**Information supplied**.
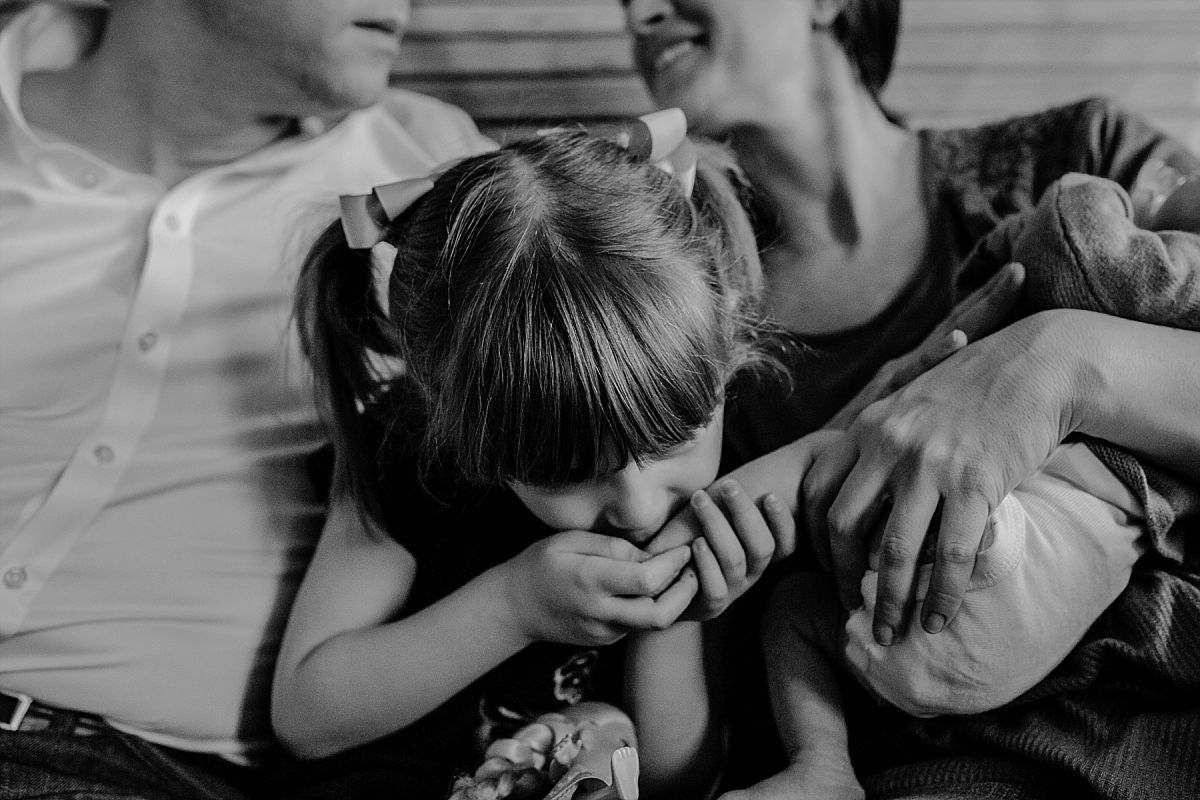 nyc family and newborn photographer big sister kisses newborn feet on could while mom holding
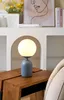 A blue and white table lamp sits on a wooden side table next to a couch. Podgląd zdjęcia produktu
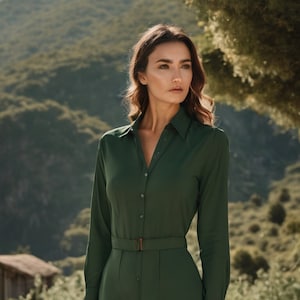 Puede incluir: Un vestido verde oscuro de botones de manga larga con cinturón. El vestido tiene cuello y una falda ligeramente acampanada.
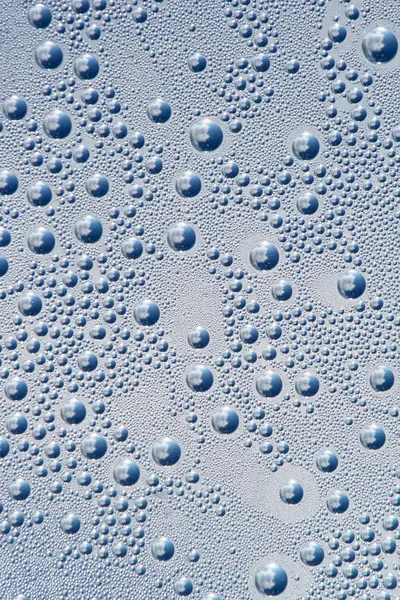 Gotas de água sobre um fundo cinza-azul — Fotografia de Stock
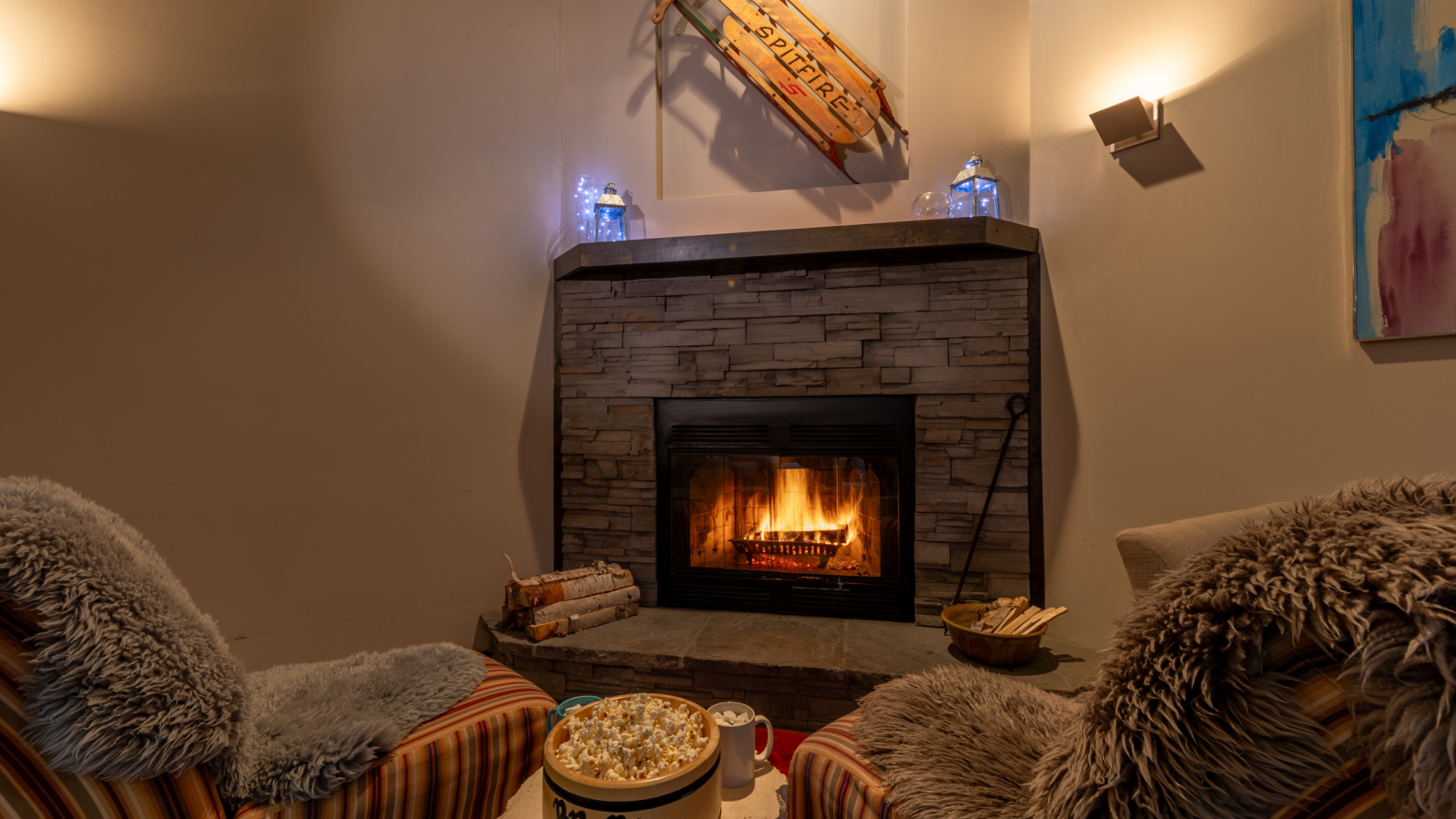 Armchairs in front of a lit fireplace at Moonraker Mountain Mokki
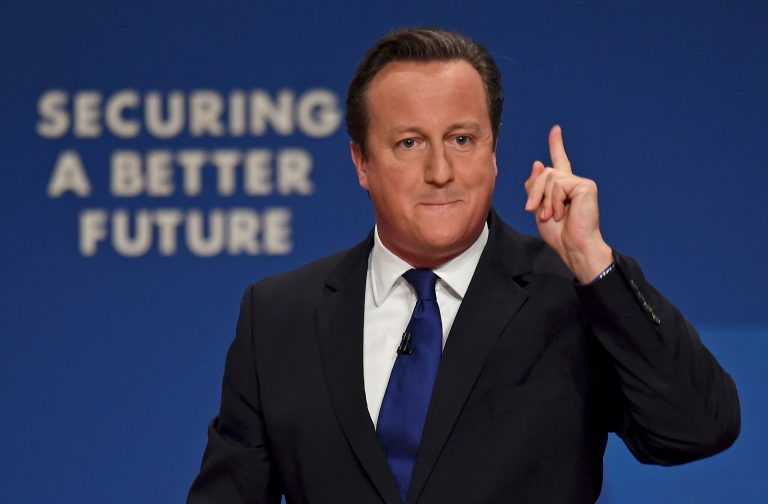 Britain's Prime Minister David Cameron delivers his keynote speech to delegates at the Conservative Party annual party conference in the International Convention Centre in Birmingham, England, Wednesday Oct. 1, 2014. During his speech Cameron revealed anticipated tax changes for the basic rate tax payers and for the people who pay the top rate of tax. (AP Photo / Joe Giddens, PA) UNITED KINGDOM OUT - NO SALES - NO ARCHIVES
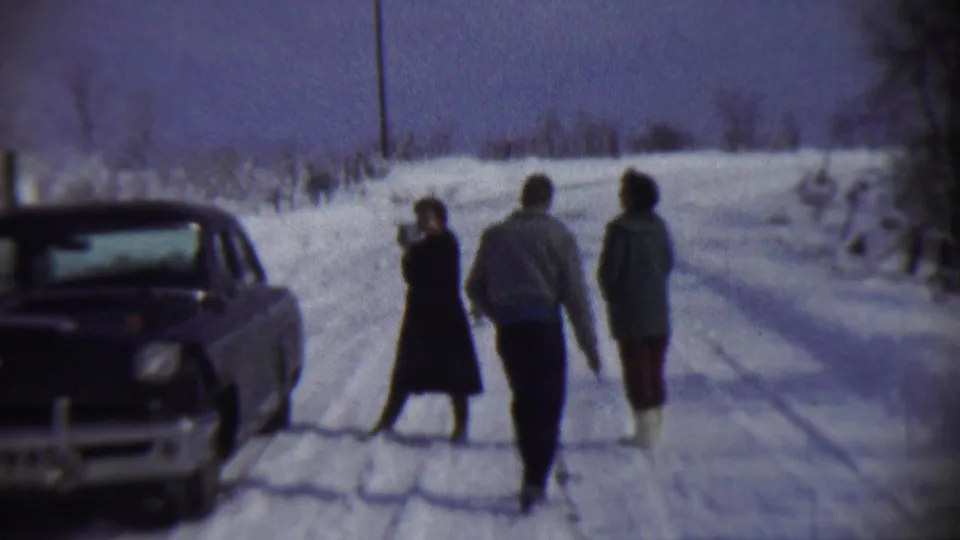 1959 Chadron, Nebraska frame with a woman holding a camera near a vintage car while two bundled companions move along the snowy road.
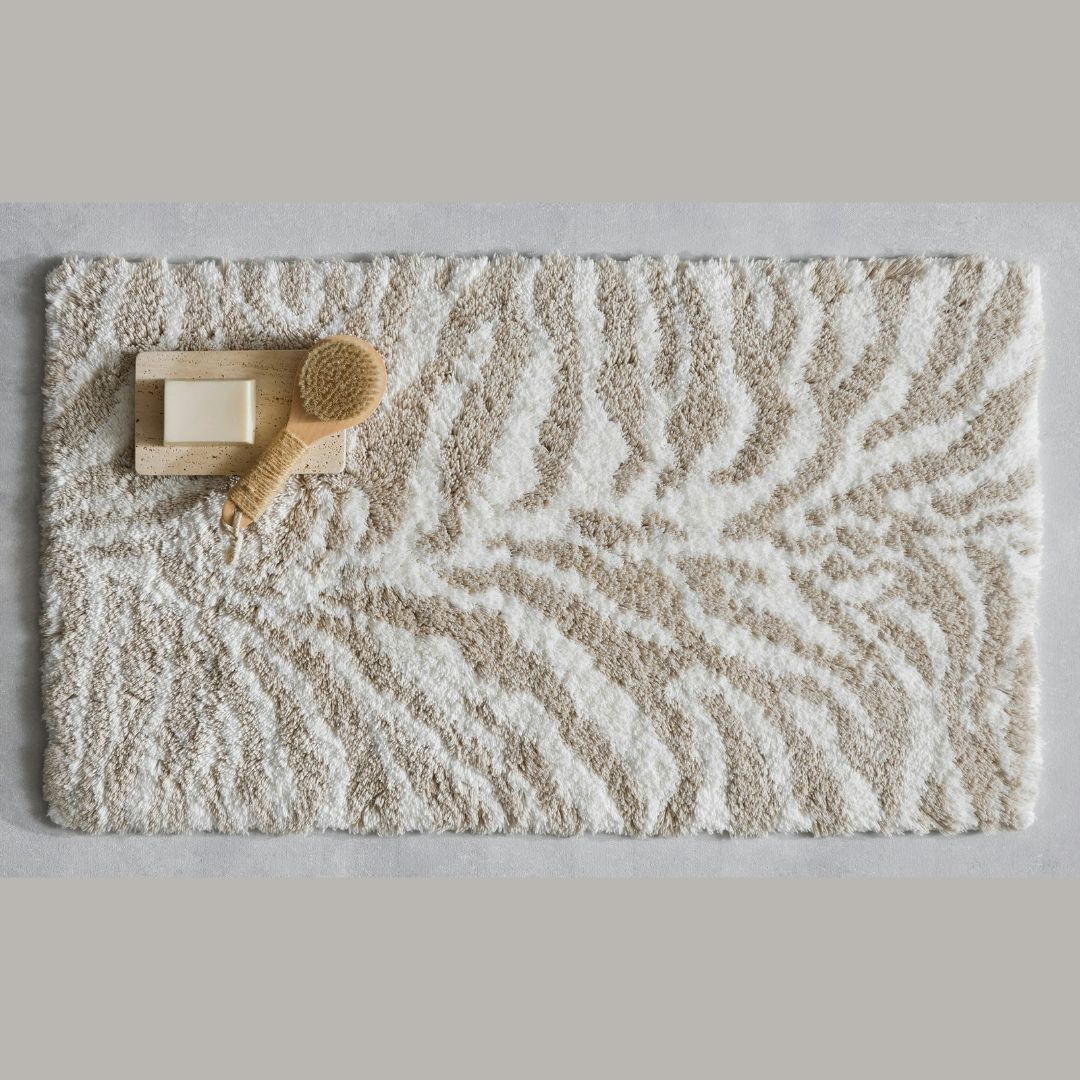 Beige and white Matouk Regine Rug bath mat with zebra pattern, wooden soap dish, bar of soap, and wooden brush.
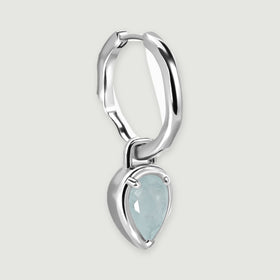 An angled silver-tone hoop reveals its hinged clasp, curved profile, and suspended aquamarine drop.
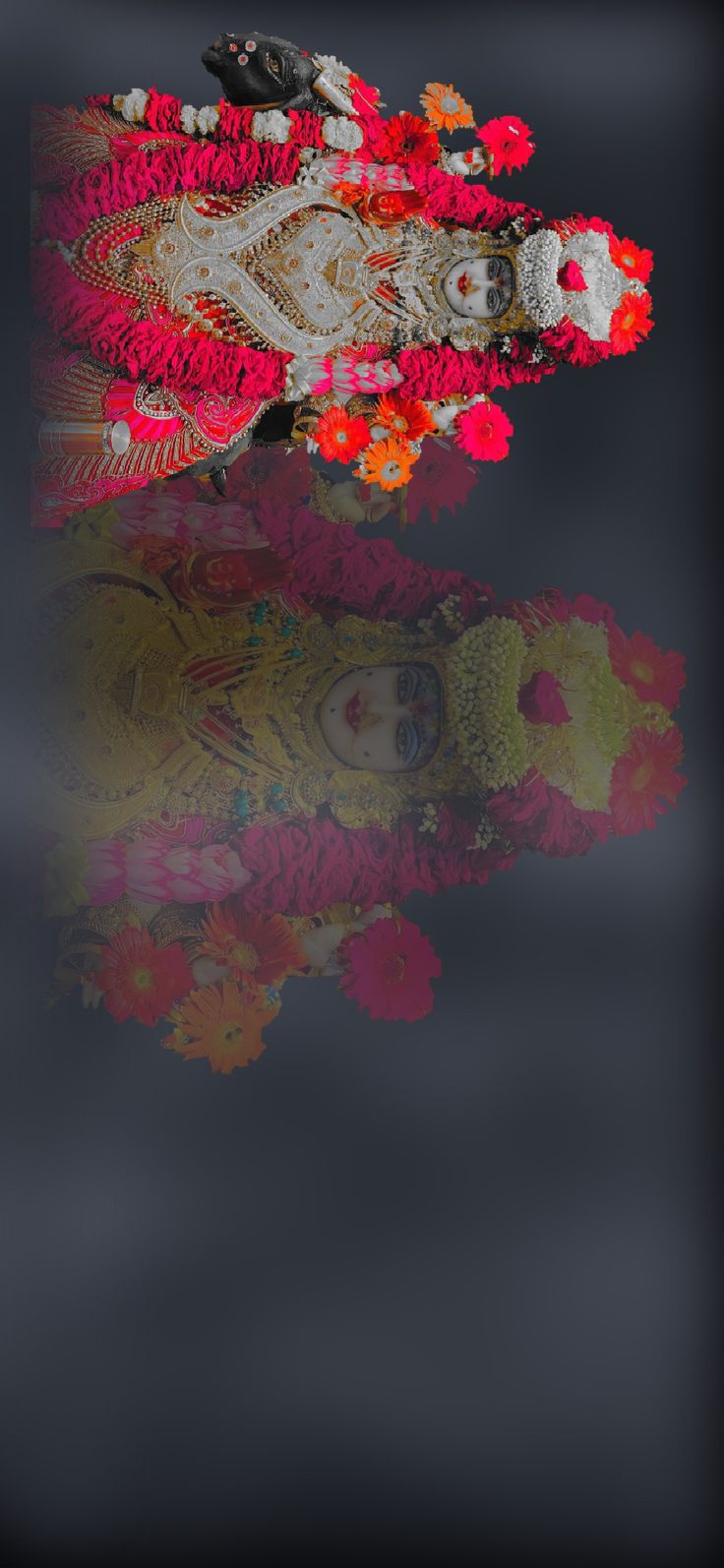 an image of a statue with flowers on it's head and reflection in the water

**Instructions for the task**.
Please set down exactly the lines from the first line of the data above through the line with "Armchairs in front", both included, leaving out the pictures.

**Solved exercise**.
 nyc family and newborn photographer big sister kisses newborn feet on could while mom holding
 A blue and white table lamp sits on a wooden side table next to a couch. Podgląd zdjęcia produktu
 Puede incluir: Un vestido verde oscuro de botones de manga larga con cinturón. El vestido tiene cuello y una falda ligeramente acampanada.
 Gotas de água sobre um fundo cinza-azul — Fotografia de Stock
 Armchairs in front of a lit fireplace at Moonraker Mountain Mokki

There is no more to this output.